Revise compare_models() for Bayesian models #716

DominiqueMakowski · 2024-04-23T16:18:00Z

The current output would benefit from some streamlining.

> performance::compare_performance(model, model2, model3)
# Comparison of Model Performance Indices

Name   |   Model |     ELPD | ELPD_SE | LOOIC (weights) | LOOIC_SE | WAIC (weights) |    R2 | R2 (adj.) |  RMSE | Sigma
-----------------------------------------------------------------------------------------------------------------------
model  | brmsfit | -104.387 |   9.532 |   208.8 (0.092) |   19.063 |  208.8 (<.001) | 0.927 |     0.926 | 0.475 | 0.487
model2 | brmsfit |  -89.212 |  10.543 |   178.4 (<.001) |   21.085 |  178.4 (<.001) | 0.941 |     0.940 | 0.425 | 0.467
model3 | brmsfit |  -64.580 |  11.569 |   129.2 (0.908) |   23.137 |  129.1 (>.999) | 0.958 |     0.957 | 0.353 | 0.363

Suggestions:

Remove RMSE and Sigma by default (not exactly typically useful or what you would expect when comparing models)
Move R2 and R2 adj. first, after the model column
My current understanding is that LOO and WAIC are both methods to estimate ELPD, which can be used to compare models (in particular, by looking at the ELPD-diff (see [Feature] Add report.compare.loo report#419 for the report support recently added).

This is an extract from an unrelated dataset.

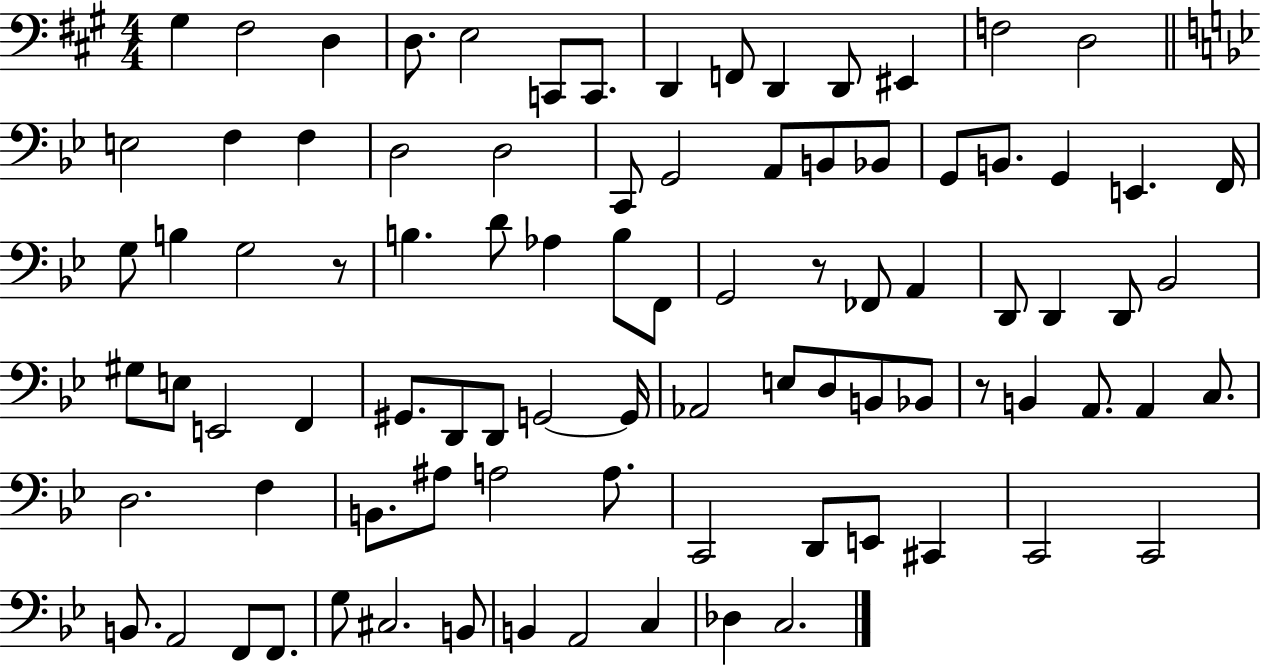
G#3/q F#3/h D3/q D3/e. E3/h C2/e C2/e. D2/q F2/e D2/q D2/e EIS2/q F3/h D3/h E3/h F3/q F3/q D3/h D3/h C2/e G2/h A2/e B2/e Bb2/e G2/e B2/e. G2/q E2/q. F2/s G3/e B3/q G3/h R/e B3/q. D4/e Ab3/q B3/e F2/e G2/h R/e FES2/e A2/q D2/e D2/q D2/e Bb2/h G#3/e E3/e E2/h F2/q G#2/e. D2/e D2/e G2/h G2/s Ab2/h E3/e D3/e B2/e Bb2/e R/e B2/q A2/e. A2/q C3/e. D3/h. F3/q B2/e. A#3/e A3/h A3/e. C2/h D2/e E2/e C#2/q C2/h C2/h B2/e. A2/h F2/e F2/e. G3/e C#3/h. B2/e B2/q A2/h C3/q Db3/q C3/h.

As such, in the interest of computation, I would display directly the ELPD_DIFF + (SE), by default computed using LOO (although we could add the option for WAIC for faster computation), and that's it, drop the LOOIC, WAIC and the raw ELPD which are redundant indices and simply add noise.

What do you think?

bwiernik · 2024-04-23T16:24:54Z

I agree other than that I think we should keep LOOIC+SE (rather than ELPD). LOOIC is -2*ELPD, which puts it in the deviance metric that is also used in frequentist models with AIC, etc, and this allows us to show the stacking weights with our existing formatting functions

DominiqueMakowski · 2024-04-23T16:31:27Z

Fair
So we'd go with ELPD_DIFF (SE); and LOOIC (weights) +SE? Or just the latter? is the SE for LOOIC super necessary since we have the weights?

Should we also add some details in the documentation about how to interpret the weights, because I've been asked by students and I wasn't too clear in my answer... any rules of thumb?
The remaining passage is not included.